MATERIAL FOR THE TASK:

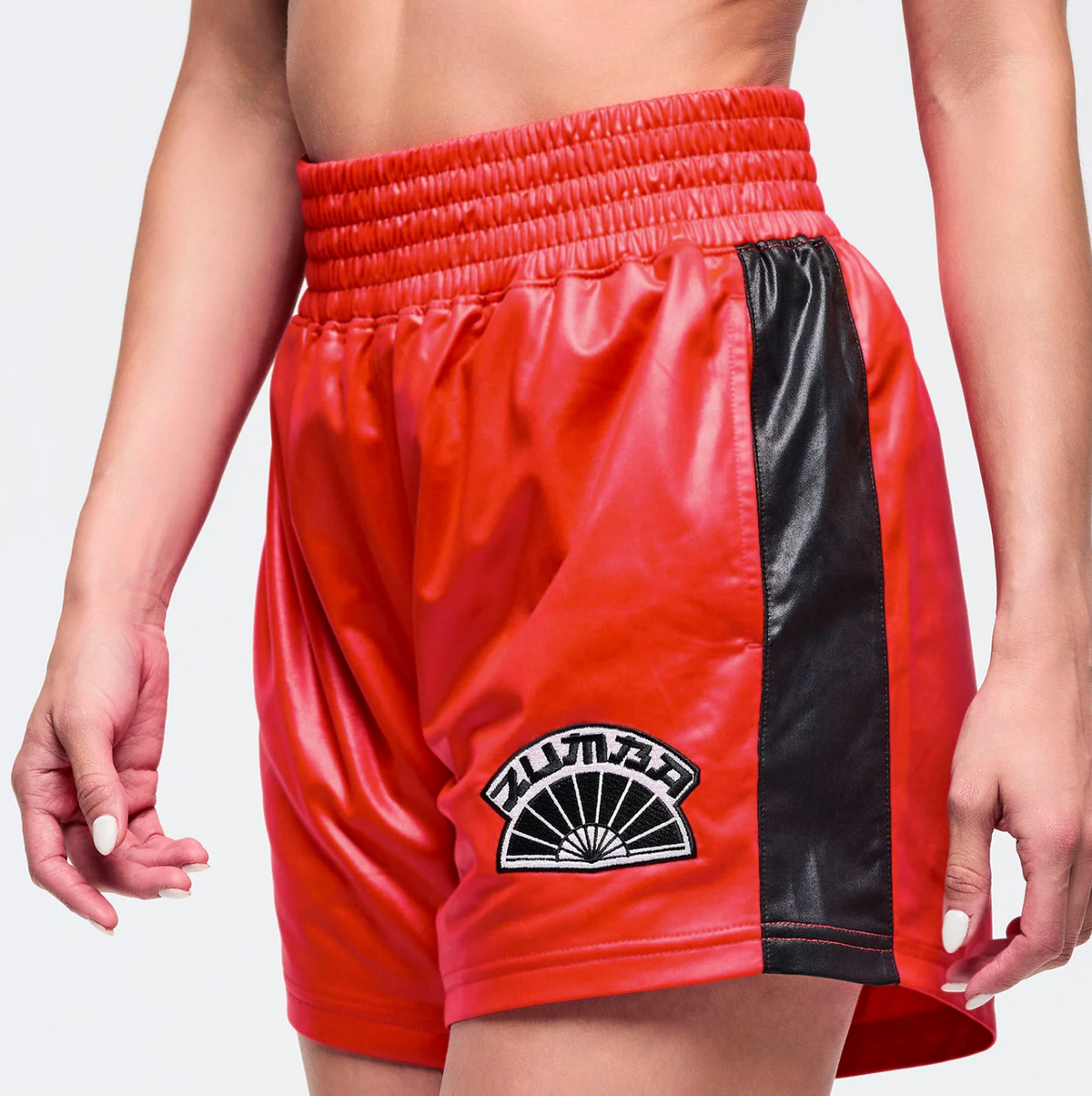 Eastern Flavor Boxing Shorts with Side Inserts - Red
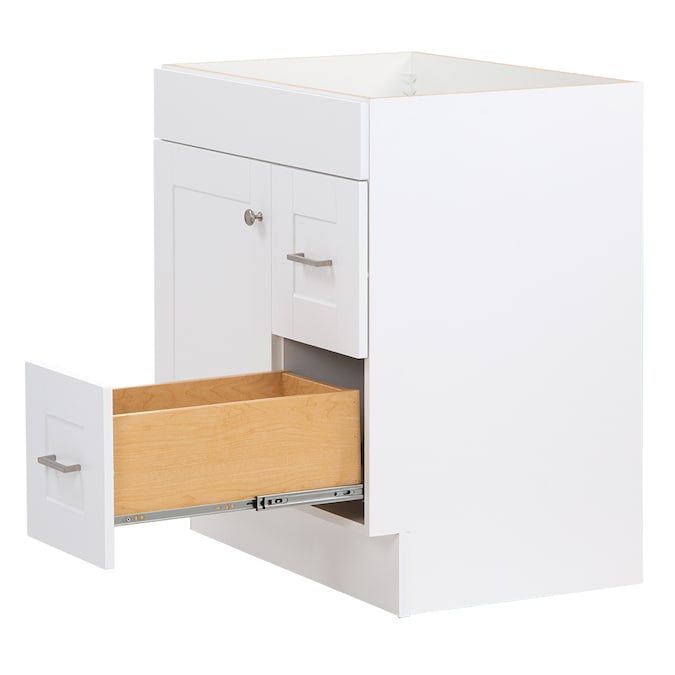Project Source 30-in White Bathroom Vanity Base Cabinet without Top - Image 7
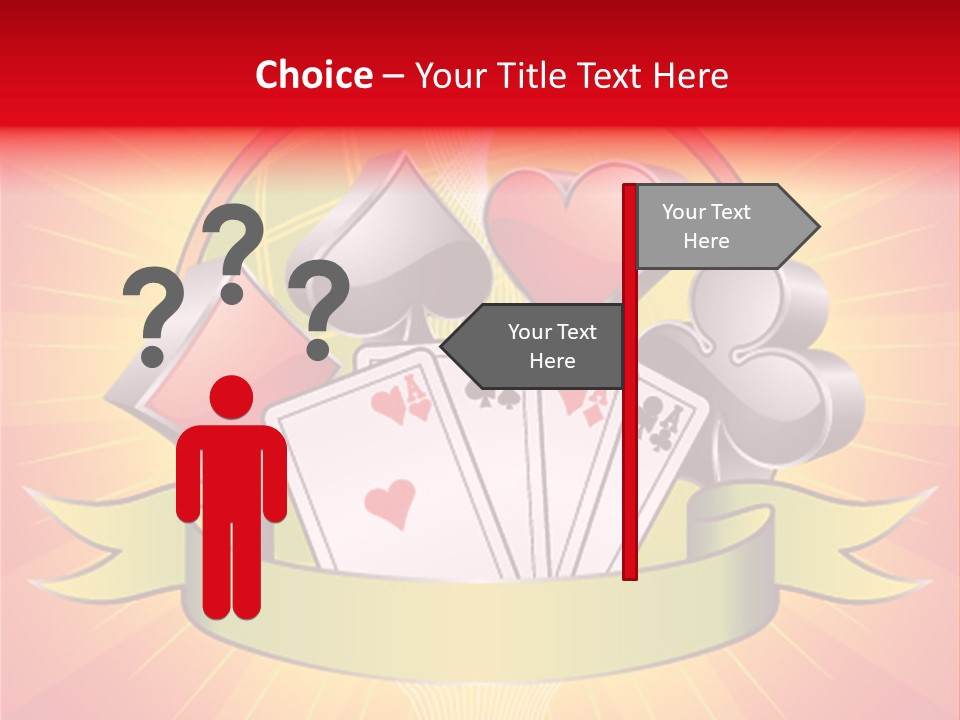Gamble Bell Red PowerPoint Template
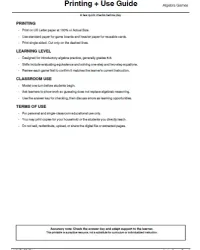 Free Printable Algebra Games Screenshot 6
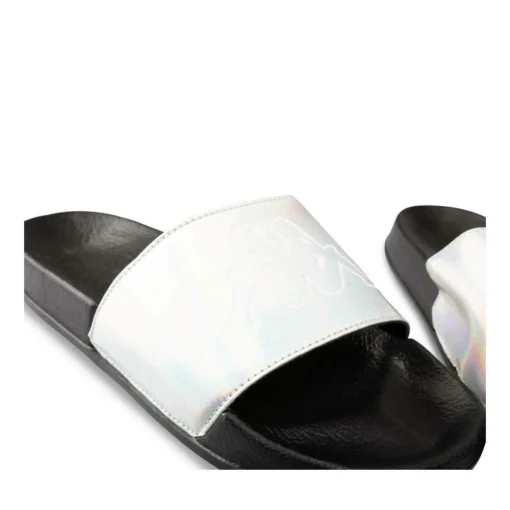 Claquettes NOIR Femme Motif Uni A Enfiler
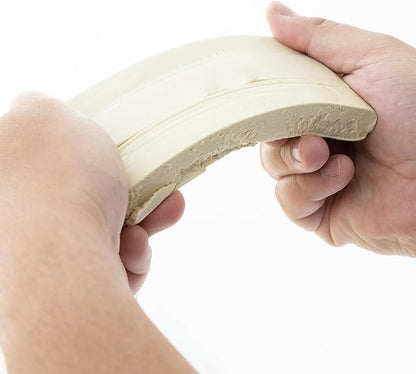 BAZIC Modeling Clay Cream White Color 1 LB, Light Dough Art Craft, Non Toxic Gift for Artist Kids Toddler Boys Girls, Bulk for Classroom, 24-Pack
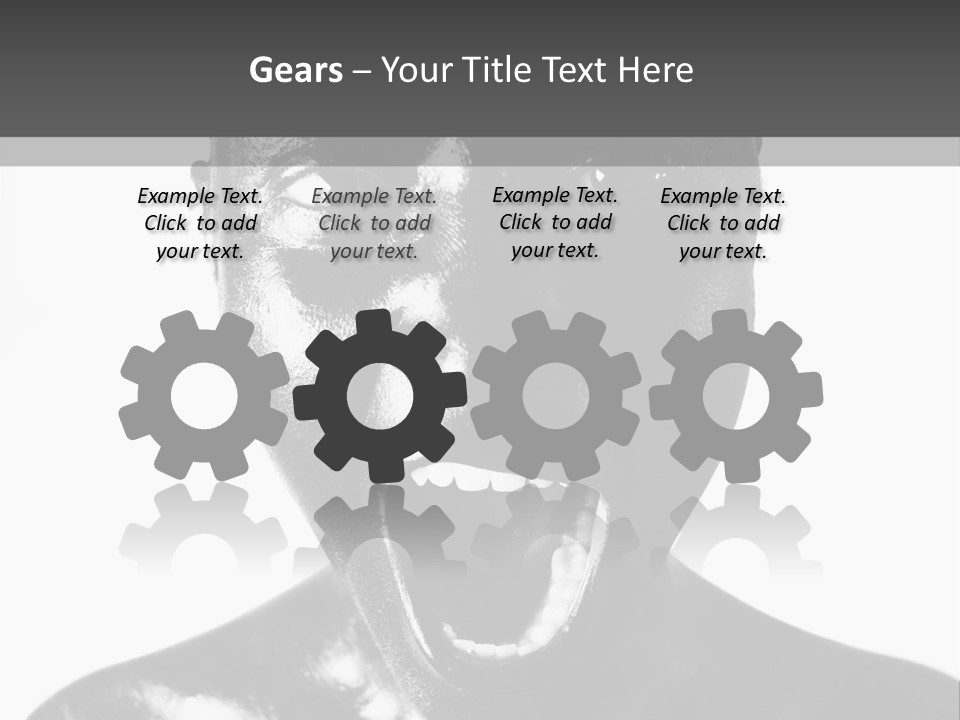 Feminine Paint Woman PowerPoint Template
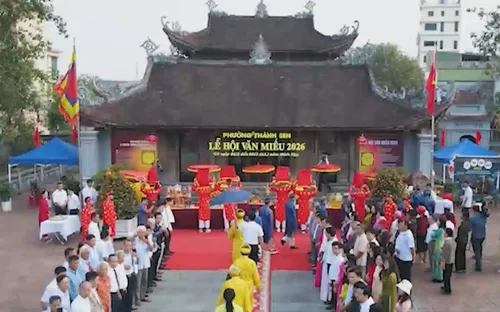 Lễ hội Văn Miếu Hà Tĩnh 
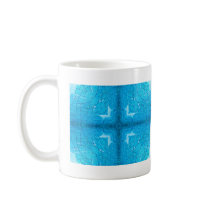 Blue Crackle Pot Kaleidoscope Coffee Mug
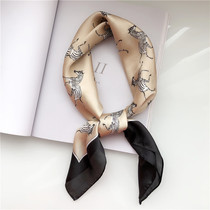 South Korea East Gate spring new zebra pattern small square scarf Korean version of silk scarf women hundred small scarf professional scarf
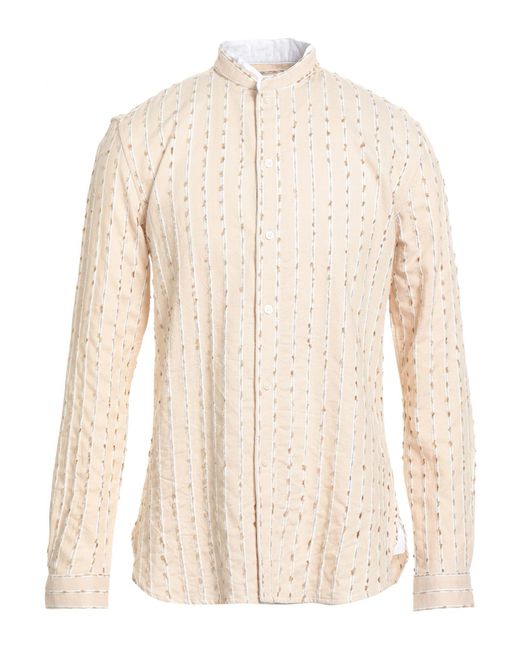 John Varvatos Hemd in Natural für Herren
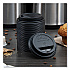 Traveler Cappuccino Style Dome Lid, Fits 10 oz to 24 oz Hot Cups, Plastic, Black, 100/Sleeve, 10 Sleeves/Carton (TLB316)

PROBLEM TO WORK ON:
All that should be printed is the lines from the one containing "South Korea East" through the last line of the material above, both ends included, exactly as they stand; please skip the pictures.

FINAL ANSWER:
 South Korea East Gate spring new zebra pattern small square scarf Korean version of silk scarf women hundred small scarf professional scarf
 John Varvatos Hemd in Natural für Herren
 Traveler Cappuccino Style Dome Lid, Fits 10 oz to 24 oz Hot Cups, Plastic, Black, 100/Sleeve, 10 Sleeves/Carton (TLB316)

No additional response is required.